И я снова останусь одна.

Я не хотела, чтобы это повторилось. Вовсе не потому, что устала собирать себя по кусочкам, нет. У этого нежелания были две причины. Первая – злость. Моя мать ушла от меня, и я окончательно признала свою несостоятельность как дочери для собственной матери. А также и как друга, который рано или поздно начинает надоедать. Я злилась на себя, что раз за разом прохожу один и тот же сценарий, не желая признавать очевидное: никто не полюбит меня за то, что я ему прислуживаю.

Вторая причина – сама Тина. Что-то было в ней такое особенное, что, хоть и напомнило мне мой предыдущий опыт дружбы с женщинами, сильно отличало ее от всех них. Она была мудрее, чем каждая из глупых одноклассниц, за которых я делала домашку. Красивее, чем любая из них. Я видела: ей вовсе не нужно, чтобы я ей поклонялась, тешила ее самолюбие и исполняла ее желания. Я просто нравилась ей – вот почему она со мной. Все еще непонятно, по какой причине и как надолго, но я нравилась ей. Такая как есть. Я еще ничего не сделала для нее, кроме пары незначительных комплиментов. Я еще не выслушивала ее душевных исповедей, не вытирала ее слез, не убеждала, что она самая лучшая и самая красивая девушка на свете, но я уже нравилась ей. И это было удивительно приятно.

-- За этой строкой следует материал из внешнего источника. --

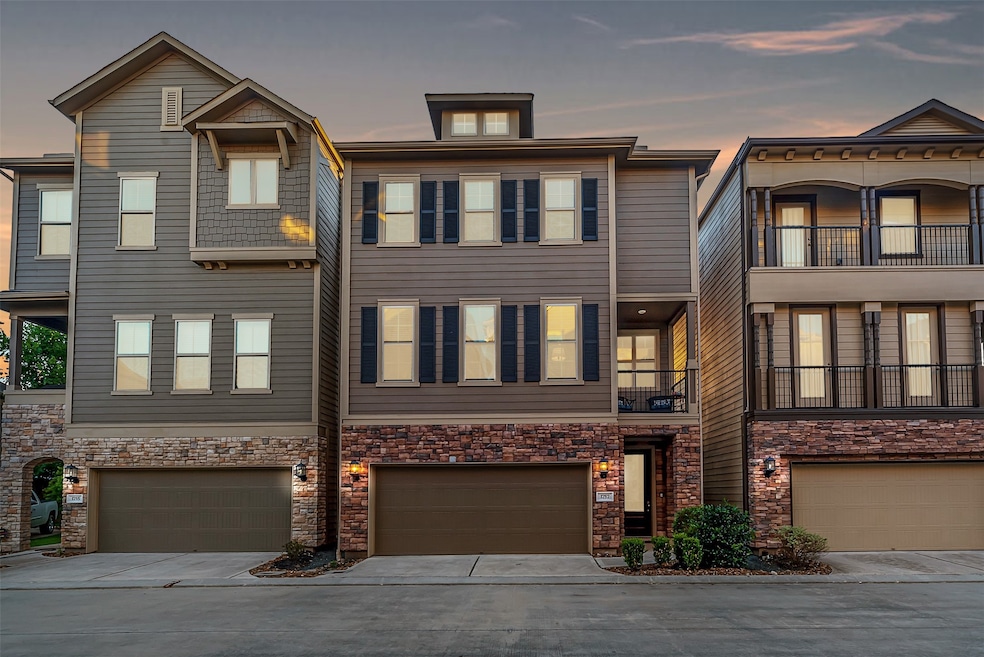 1757 Sierra Crest Dr, Houston, TX 77080 - photo 1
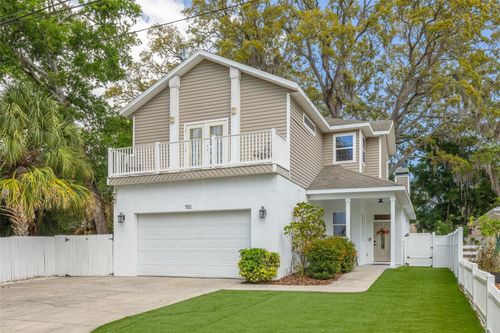 901 Virginia Ave, Tarpon Springs, FL, 34689-2677 | Card Image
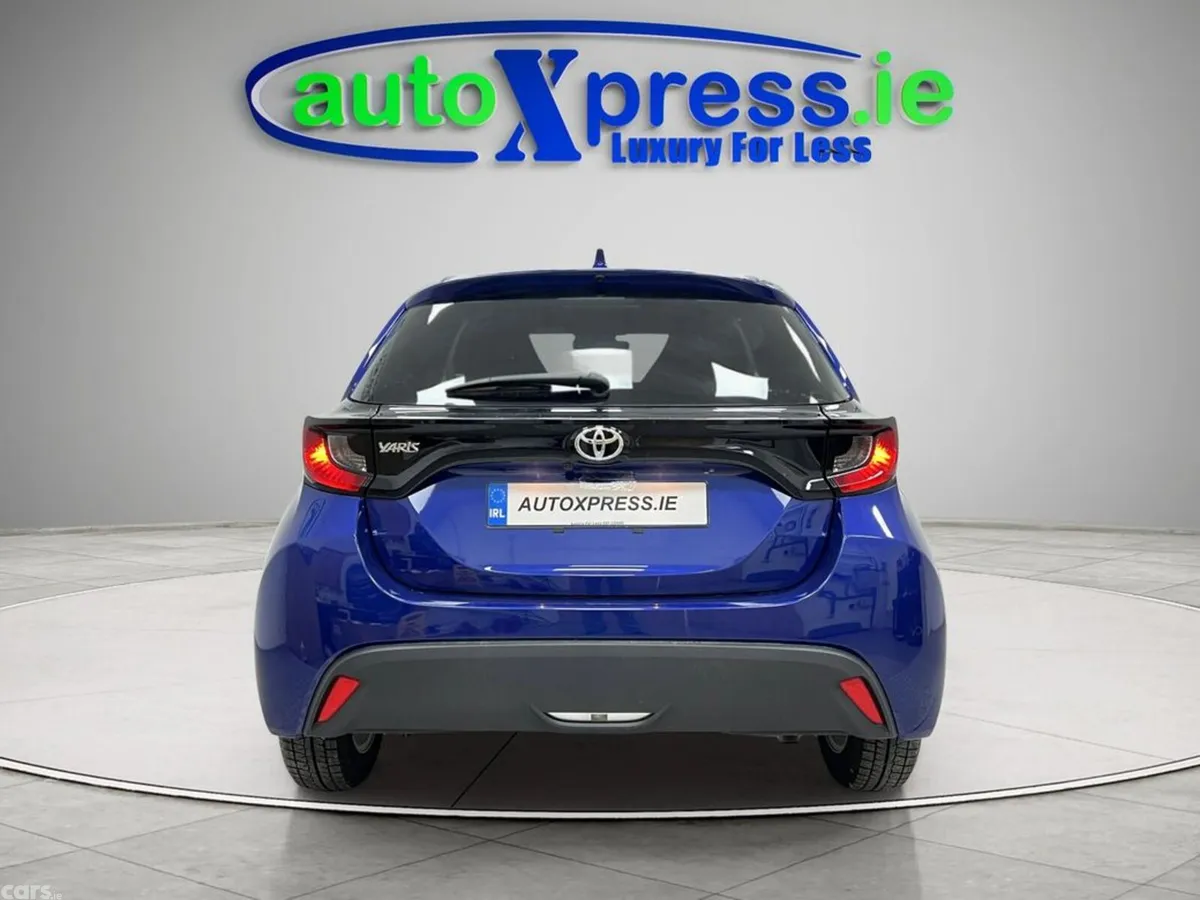 Toyota Yaris Hatchback, Petrol, 2023, Blue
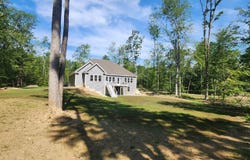 35 Reed Road, Sandown, NH 03873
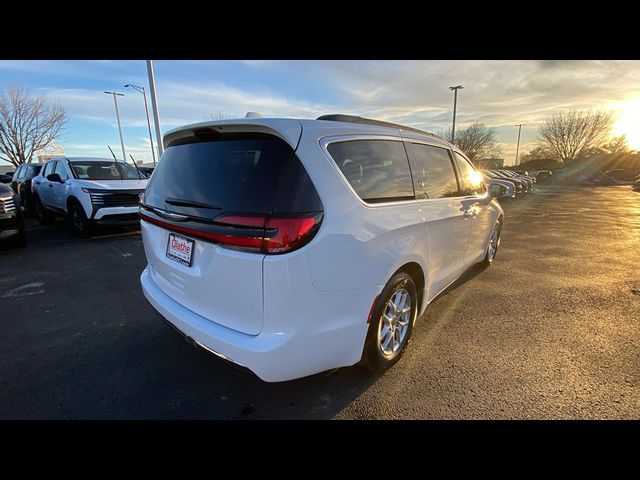 2022 Chrysler Pacifica Touring-L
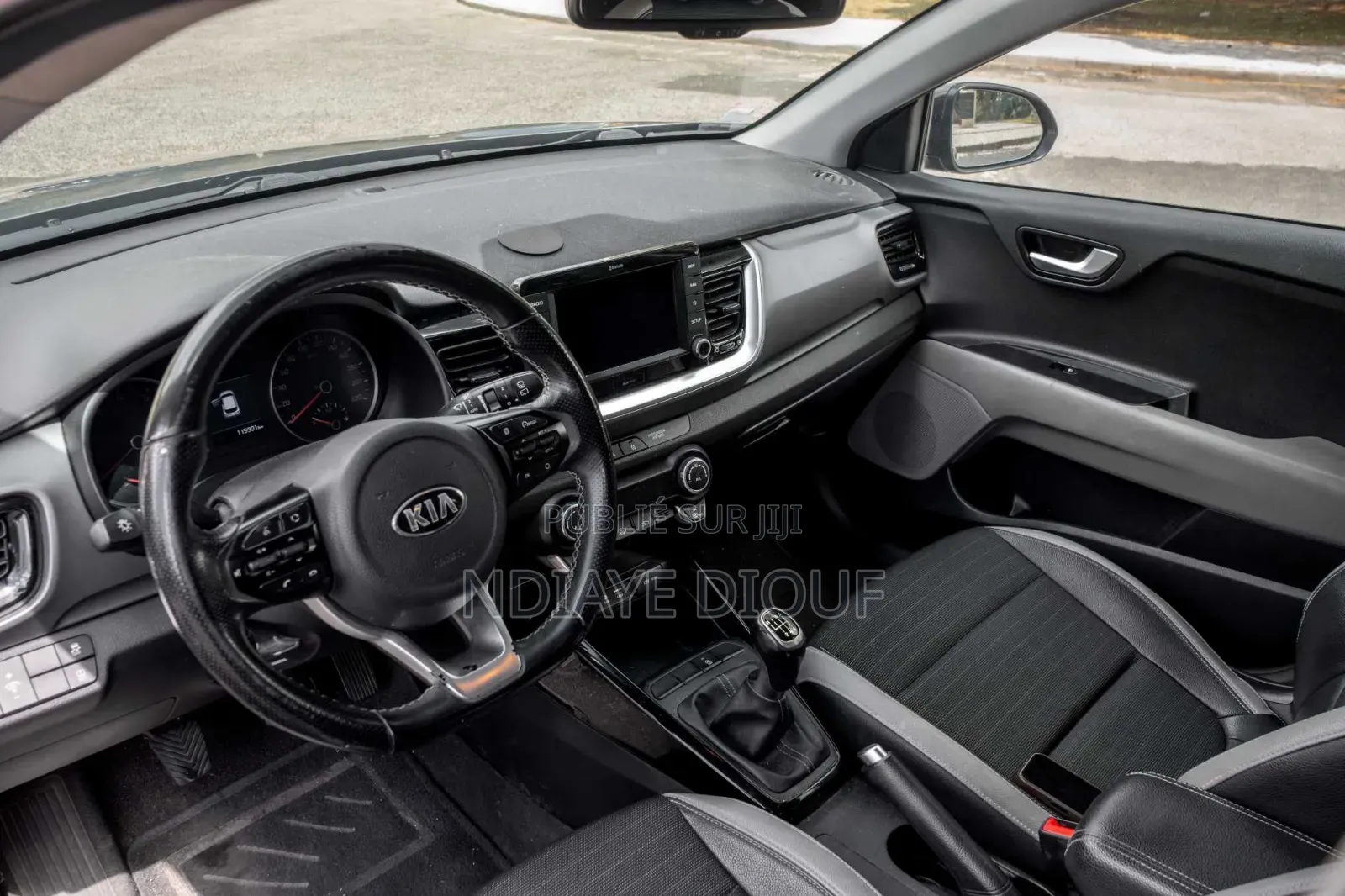 Kia Stonic 2018 Gris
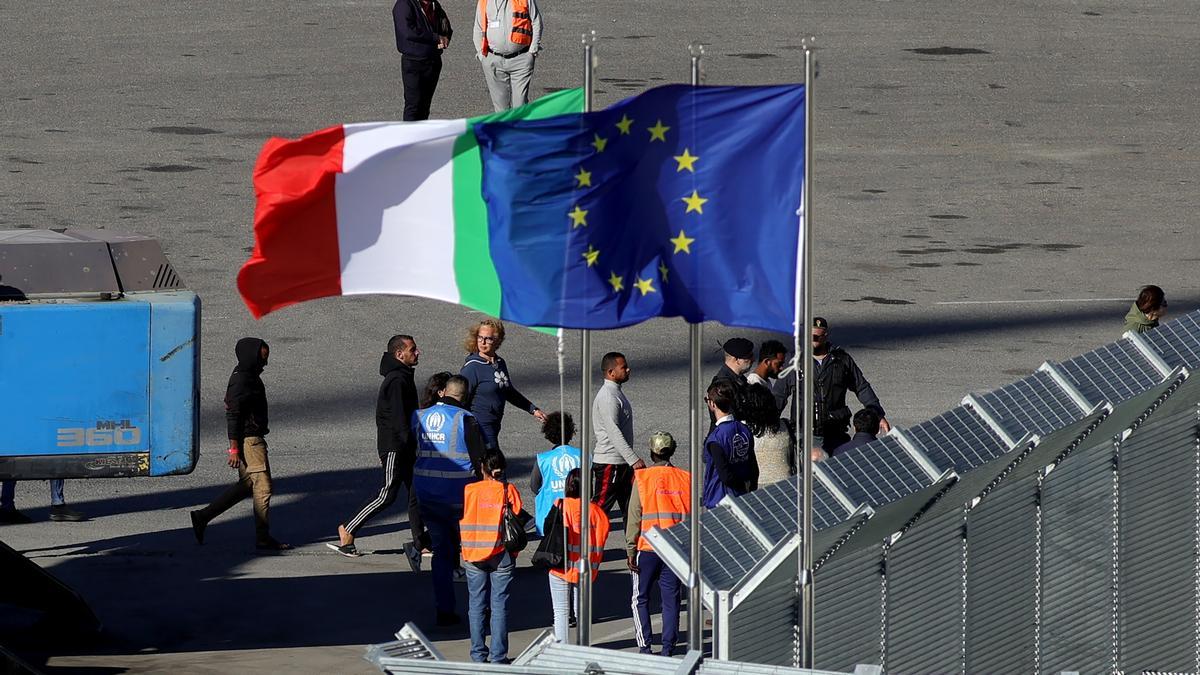 Por qué no sorprende que el experimento de Italia con los centros para migrantes en Albania, modelo para la UE, empiece fallando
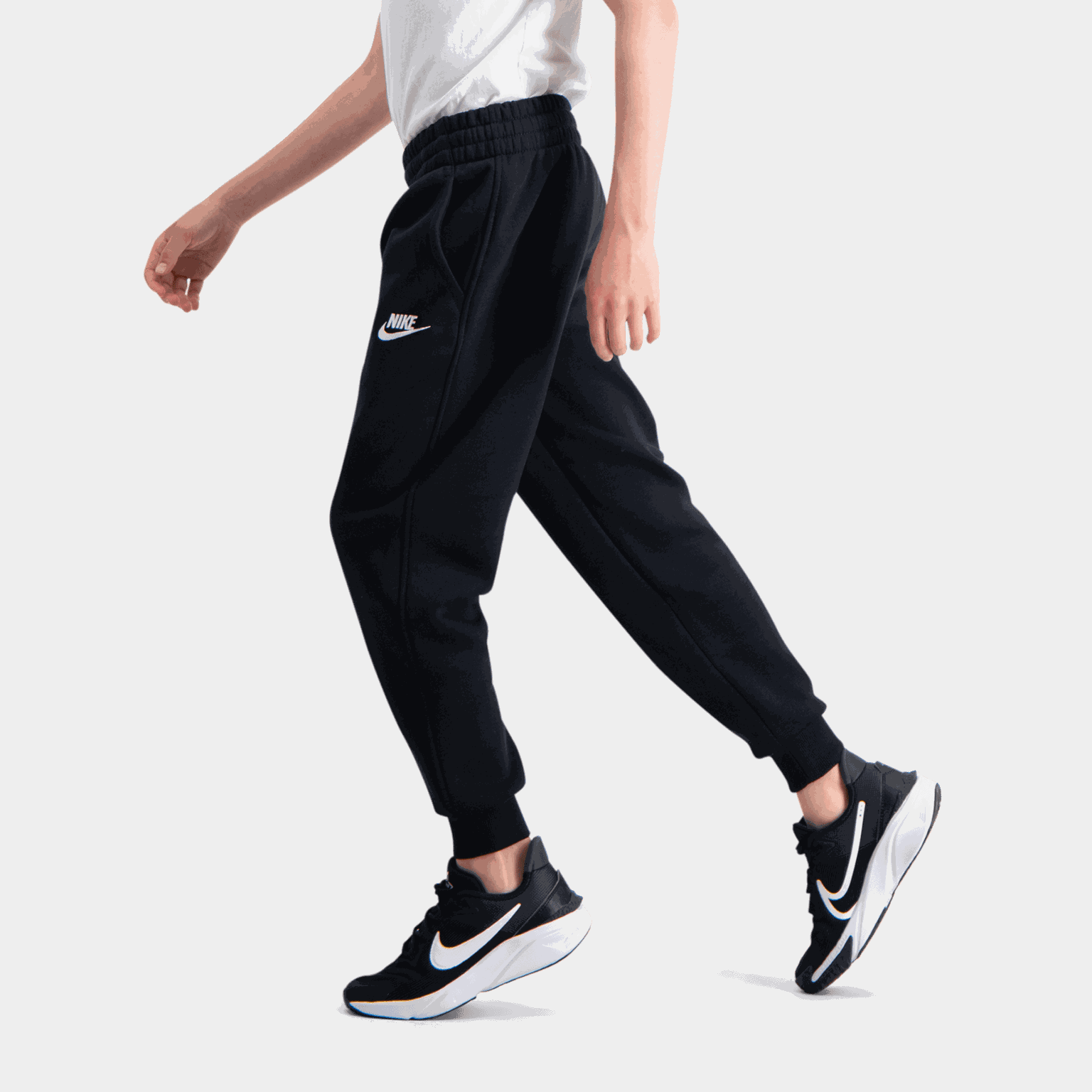 Sportswear Club Fleece, nuorten verryttelyasu - full image 4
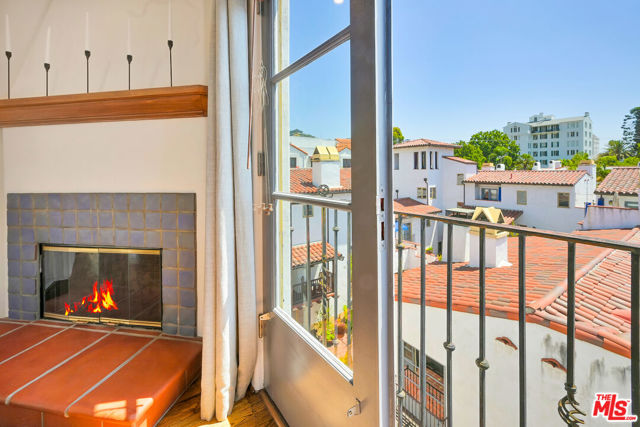 1414 N Harper Avenue, West Hollywood CA: https://media.crmls.org/mediaz/36535d98-242d-4af6-a9d8-3a4ca9c7174b.jpg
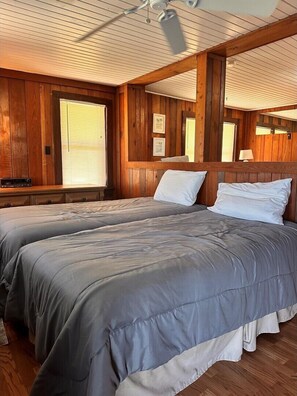 1 bedroom, Internet - The 1926 Shorehouse: Oceanfront Escape with Vintage Soul (St. Augustine Beach)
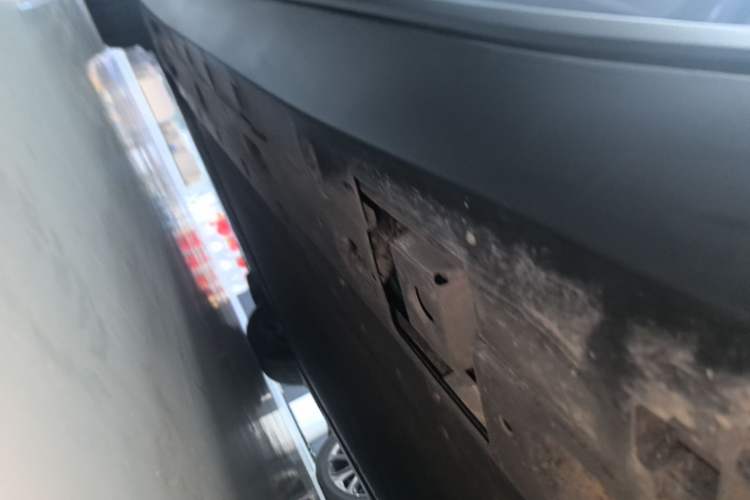 Used XPeng MONA M03 2025 600 with Ultra-Long Range Max Left Side Sill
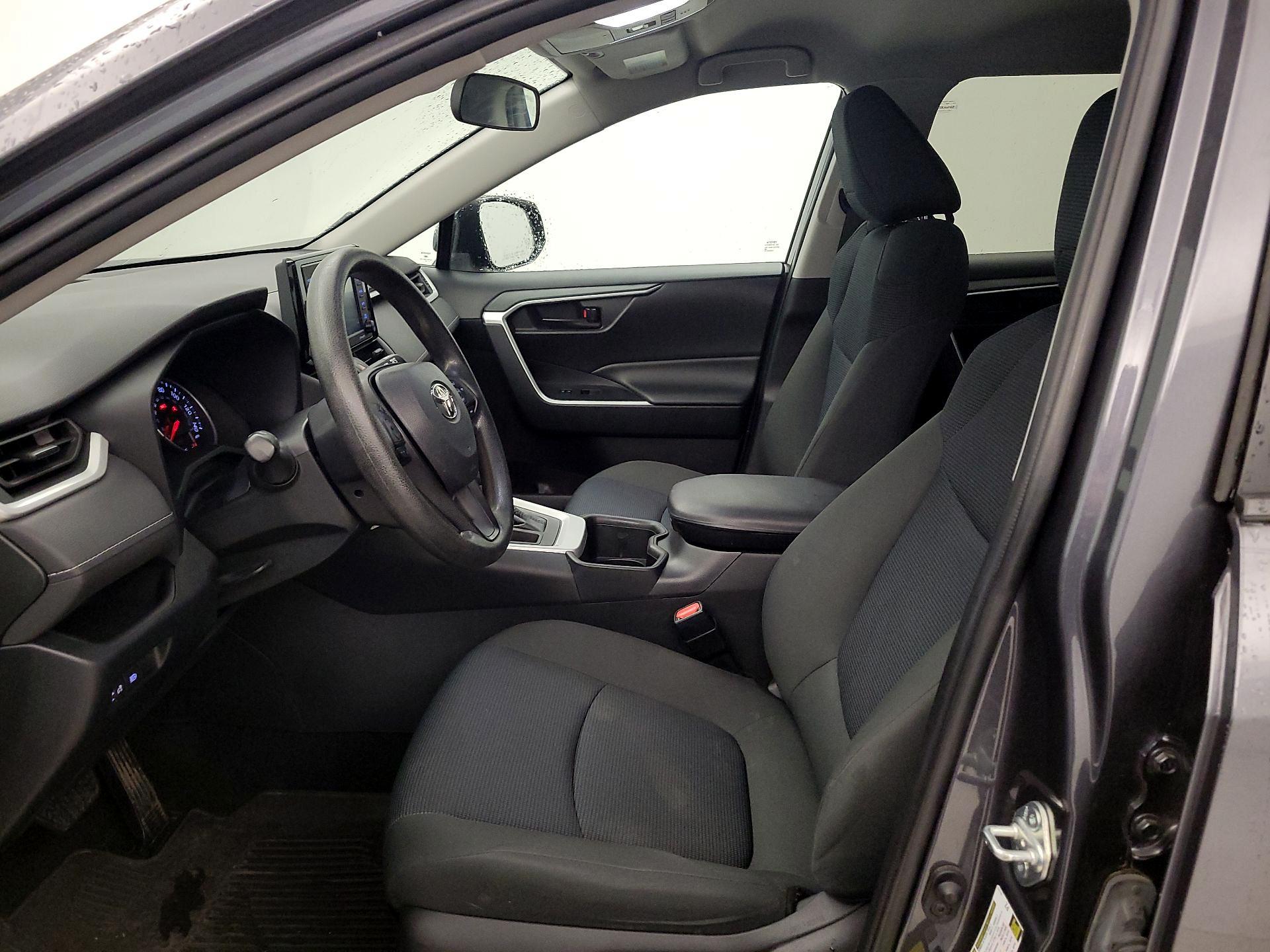 Thumbnail: 2022 Toyota RAV4 - 11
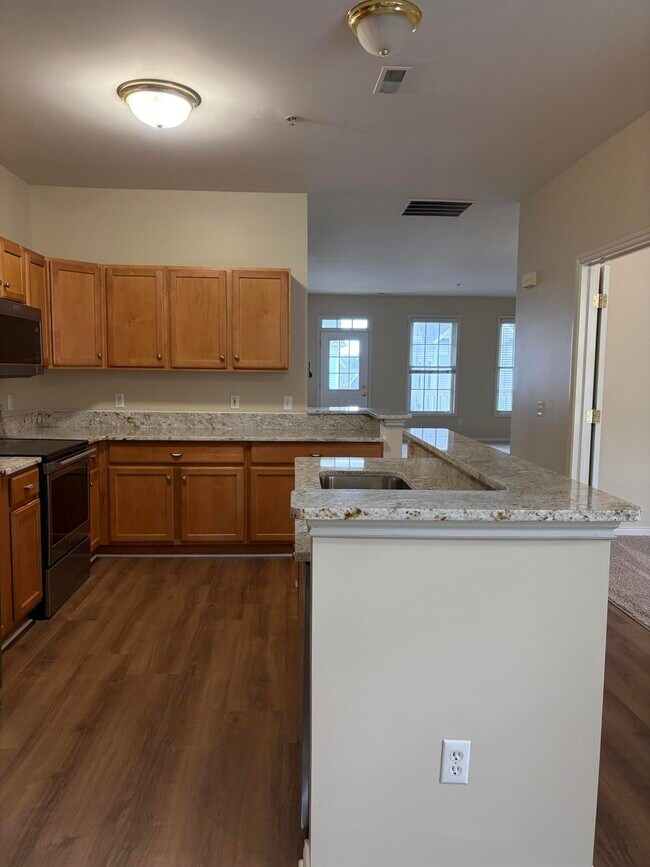 Building Photo - 534 Constitution St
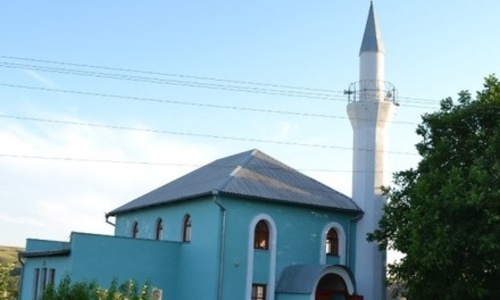 Неизвестные хотели поджечь одну из крымских мечетей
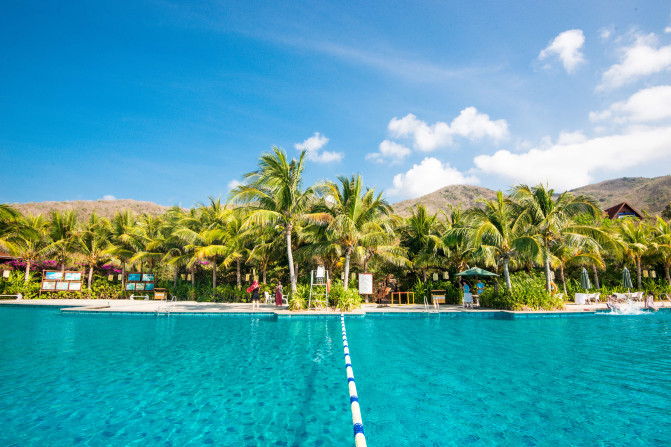 去三亚感受碧海蓝天,享受椰风海韵三亚度假指南精选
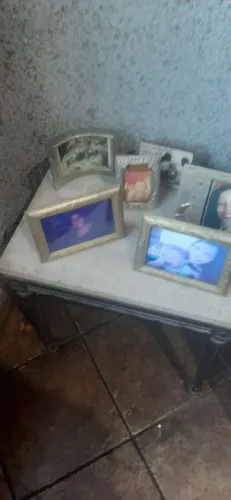 mesinhas de canto de mármore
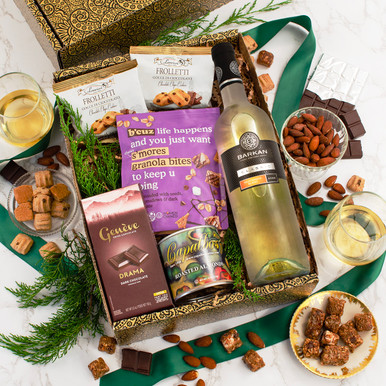 Sauv Blanc & Gourmet Gift Box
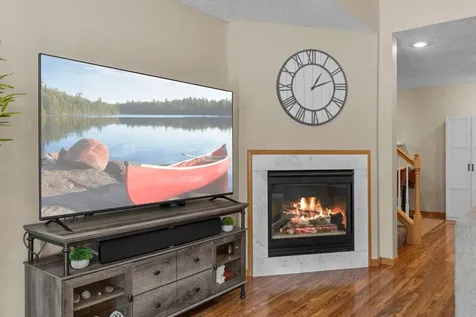 2245 River Rock Lane Shakopee MN 55379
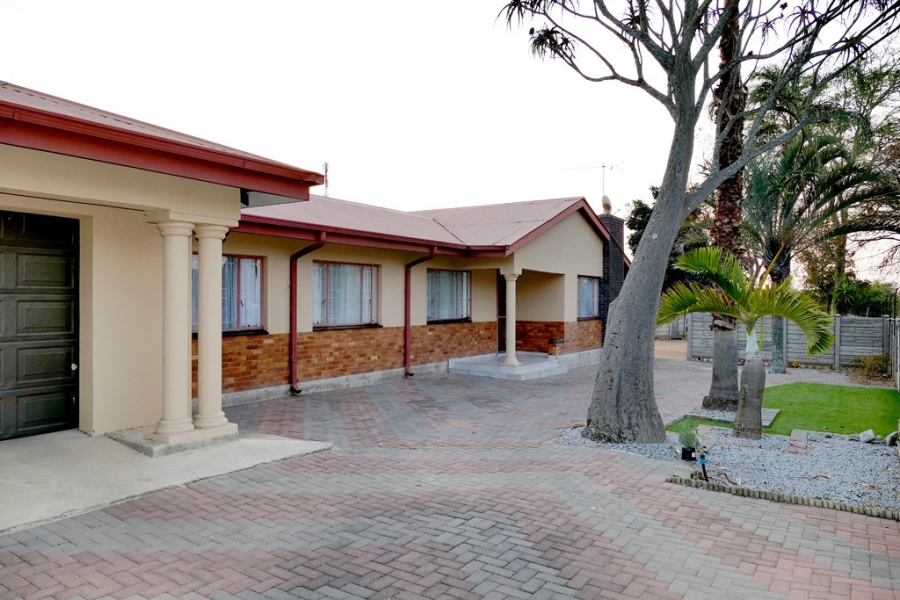 4 Bedroom Property for Sale in Hospitaalpark Limpopo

Тогда я впервые подумала, что, возможно, это все по-настоящему, всерьез. «Возможно, в этот раз, – мечтала я, – я смогу сделать все по-другому, и она останется со мной, останется моим другом, моей спутницей, моим вдохновением. Возможно, она научит меня вот так же, как умеет только она, понимать саму себя и нравиться самой себе».

Таким был день, когда я потеряла мать и нашла подругу. Я не придала особого значения этому совпадению. Не увидела в нем ни перста судьбы, ни предзнаменования, ни закономерности. А ведь все это было.